If Snape wasn't aflame with rage before, he definitely was now. He was purple with rage, and his eyes smoldered with rage. Seizing her by the collar, he hissed.

"So, you think I'm lying to you? You think you know me inside and out? Sniff, Miss Granger. Does my smell seem familiar?" He grabbed the back of her head and pressed it roughly into the inseam of his neck and shoulder. Crying and shaking, she inhaled and realized that she couldn't attribute his smell to anything she'd known before.

"Smells are easy to cover up!" she screamed and hammered at his chest with her fists.

He didn't let go.

"Still not believing me, then?" Snape's spittle flew in all directions, and a few flecks landed on her face. "Fine, then, tell me, if you think you know me so… intimately, what does my cock look like? Is it long? How big is it? Does it lean to one side when it is erect?" His words would excite her normally, but right now it felt like he was ripping off her rose-coloured glasses together with chunks of her flesh. "Tell me, Miss Granger, what do I taste like? Am I salty? Am I bitter? What is it like to taste me? You would know all these things, if I wasn't a figment of your imagination, wouldn't you? Speaking of imaginations, my, but you have one sick mind."

She realized that she couldn't answer his questions. She simply didn't know the answers. The man holding her now in a vice wasn't the man she'd been with. Even the feel of his body was unfamiliar: this Snape was bonier under his robes, his hipbones jutted out, poking her uncomfortably.

"But it was so real—" she started, and he finally let her go. She turned away, sucked dry by the most profound mortification she had ever experienced. So many things clicked. The perfection of it all;, the way it seemed he was taking her whims from her head, the never-changing locale. The compulsion. How could she have been so blind? She'd never been addicted to him. It was just a plant.

The presence of details is the first and foremost sign of reality. There was not a single detail she could recall about their trysts.

"It's what Dracena Delirii does," Snape said with somewhat less malice. "It lures you to where it grows by feeding you your deepest and truest fantasies, and when you come, it sucks out your life force. You must have stumbled upon it accidentally, and from then on it was a matter of how fast the effect of the spores took hold of you. You are lucky Hagrid found you. Its spores are nothing to those who have goblin or giant blood in them."

"I've never heard of it," she replied, a petulant wish to grasp at straws stuffing words into her mouth.

"Then your desire to decline the O in the Herbology N.E.W.T. that the Ministry made is understandable," Snape said and glared at her.

"I'm sure it is not on the curriculum."

"No, it is not, and for a reason, as you can see." Snape admitted grudgingly.

"You are probably disgusted with me right now," Hermione whispered blandly. Her humiliation was so deep that she was almost desensitized.

"Do not ever ask questions to that which you don't truly want an answer.
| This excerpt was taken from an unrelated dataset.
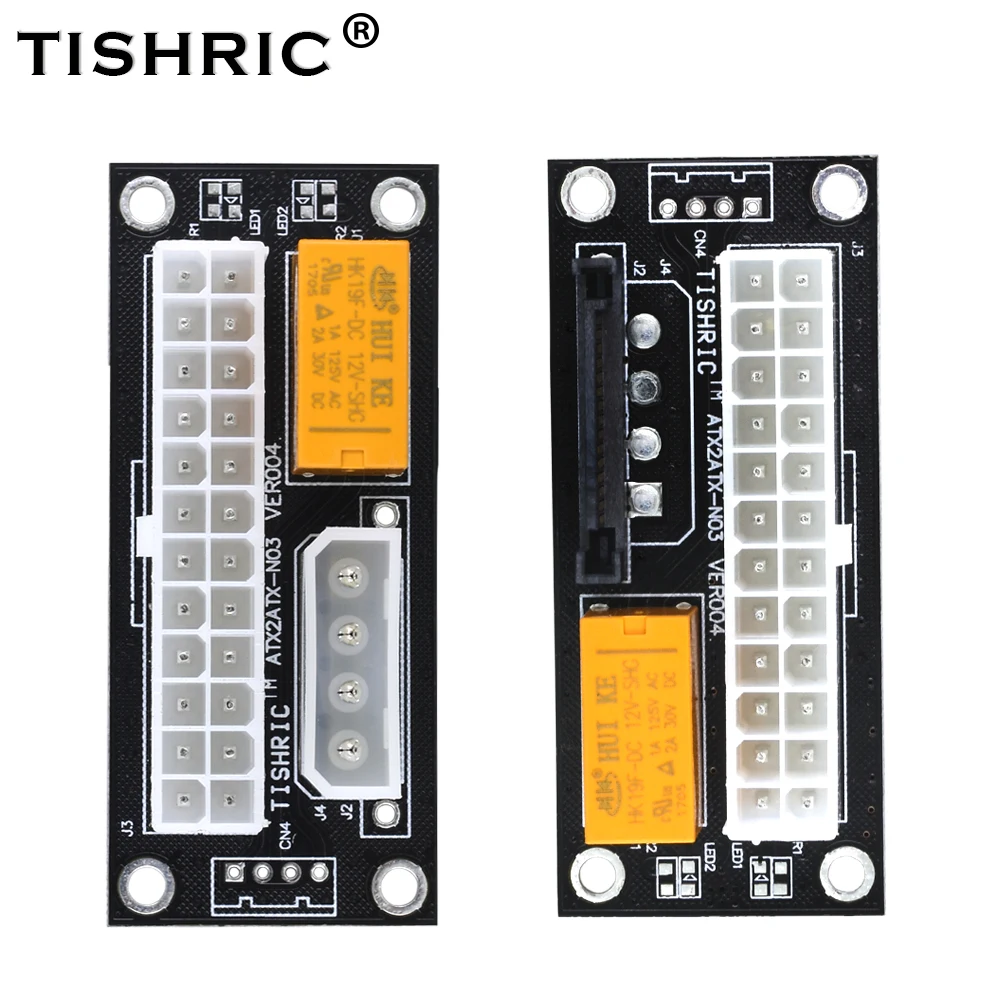 

TISHRIC 5/10 шт., двойной блок блока питания, синхронизатор блоков ADD2PSU ATX, 24 контакта на 4 контакта, соединитель Molex, переходник для майнинга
You'll only be slapped in the face," he said.

"I don't think I could be slapped in the face harder than I already am."

Something akin to pity reflected in his eyes and dissipated swiftly. Hermione immediately understood she was wrong. Getting pity from the most pitiable man she'd known slapped hard.

"Just go, Miss Granger. I do not wish to continue this conversation. Now that your illness has been identified, you should be back to your normal health soon."

At that, Snape turned around and walked back to his desk.

Hermione knew dismissal when she saw one.

She walked back to the hospital wing in a daze, empty and drained.

When she reached her cot, she conjured a calendar. The numbers were shaky and spotty, proving that her magic was indeed depleted. She'd marked a date with red and counted the remaining days. Twenty-one.

Twenty-one days, and then she could get the hell out of this place and put it and that man and the godsdamned plant behind her.

It was, after all, a good thing that the Ministry was allowing her to sit her N.E.W.T.s before the Christmas break.